**Records supplied**
--------------------

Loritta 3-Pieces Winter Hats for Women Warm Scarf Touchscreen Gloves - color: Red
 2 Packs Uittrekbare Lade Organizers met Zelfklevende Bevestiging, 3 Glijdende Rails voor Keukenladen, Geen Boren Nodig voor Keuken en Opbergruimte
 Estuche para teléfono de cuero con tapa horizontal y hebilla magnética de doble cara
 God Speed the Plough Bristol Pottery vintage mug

--------------------

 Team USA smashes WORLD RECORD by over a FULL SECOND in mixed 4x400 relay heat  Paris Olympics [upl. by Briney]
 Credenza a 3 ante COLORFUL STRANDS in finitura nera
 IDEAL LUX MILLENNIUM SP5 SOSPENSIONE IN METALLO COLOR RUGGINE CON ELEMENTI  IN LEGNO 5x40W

--------------------

**Problem requirements**
Your answer should be the lines above from the one containing "2 Packs Uittrekbare" through the one containing "God Speed the", copied exactly and with both ends kept.

**Result for this task**
 2 Packs Uittrekbare Lade Organizers met Zelfklevende Bevestiging, 3 Glijdende Rails voor Keukenladen, Geen Boren Nodig voor Keuken en Opbergruimte
 Estuche para teléfono de cuero con tapa horizontal y hebilla magnética de doble cara
 God Speed the Plough Bristol Pottery vintage mug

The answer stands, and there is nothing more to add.